Farmers from across NC attend 25th annual aquaculture conference

North Carolina native Richard Plummer said he's tired of not knowing what's in his food.

That's why he went to the North Carolina state Aquaculture Conference in New Bern, to learn how to grow his own fish and vegetables using aquaponics.

"With aquaponics you're actually eating something that is basically truly organic," Plummer said, "and it's something that doesn't have pesticides, doesn't have insecticides and it's grown by utilizing the fish."

Plummer lives in Cornelius, just north of Charlotte. He said the two day conference helped him learn what it takes to get started in aquaponics–the business of growing fish and vegetables in the same body of water.

"I've learned so much," Plummer said, "and basically what I've learned that has just been the best thing, is the fact that North Carolina–as far as the state–offers you so many resources."

But the conference wasn't just for people looking to get started in the business. Small farm owners also came to learn how to expand their aquaculture farms.

Tyler Nethers has been in the aquaculture business for about seven months.

He said he went to the conference because he wanted to network.

"I wanted to learn more," Nether said. "I took two short courses while I was here and there's a lot of information here.''

Conference speaker Mike Frinsko said aquaculture is a growing industry that's stimulating the economy by producing a high demand product.

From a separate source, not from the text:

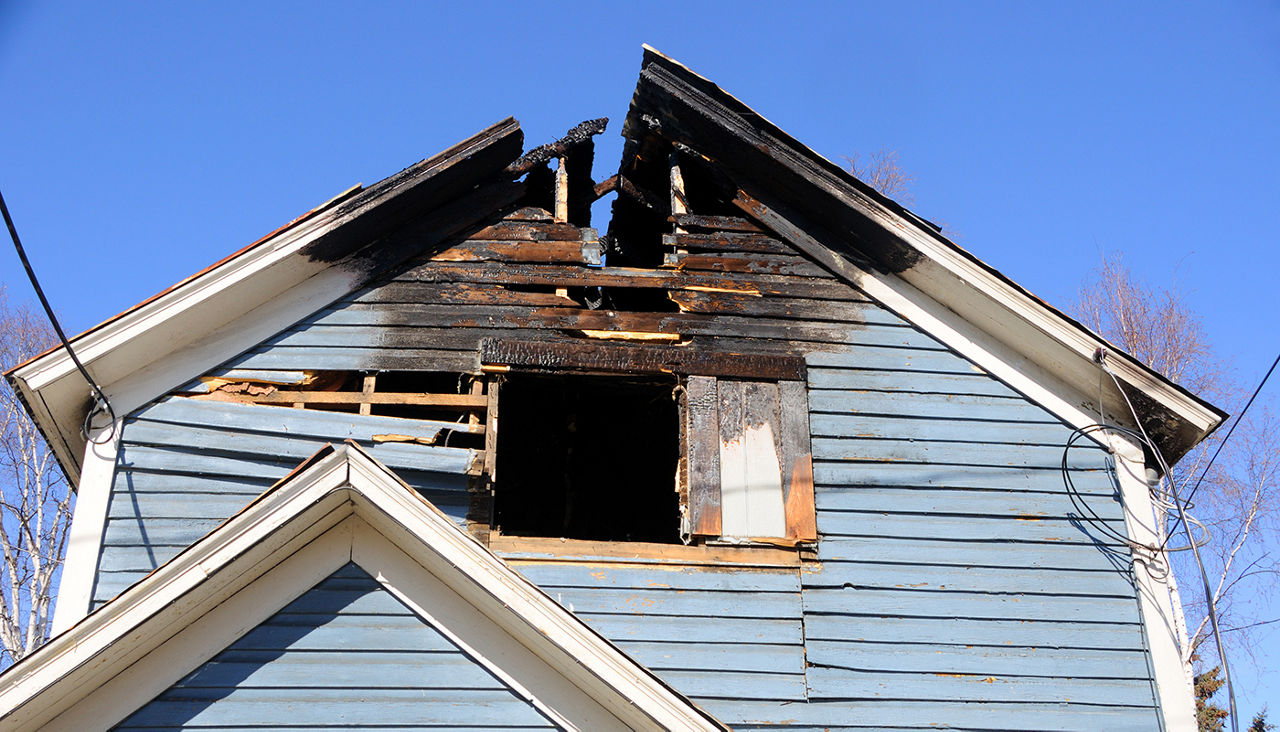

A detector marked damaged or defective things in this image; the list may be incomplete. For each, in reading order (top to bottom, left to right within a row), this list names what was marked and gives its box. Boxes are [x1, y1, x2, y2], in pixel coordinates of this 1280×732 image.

broken window [484, 346, 816, 548]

"Most of the aquaculture production is like any other agriculture, it's out on the rural sectors," Frinsko said. "And so this is an opportunity for people that are outside of the cities in the metropolitan areas to engage in an industry, an innovative industry that can help economic development."

And that economic advantage is something Plummer is excited about when it comes to his new business venture.

"I just I really hope that it continues to move forward and that the state embraces it and also the general public will be able to realize what it can do for you and how great it really is," Plummer said.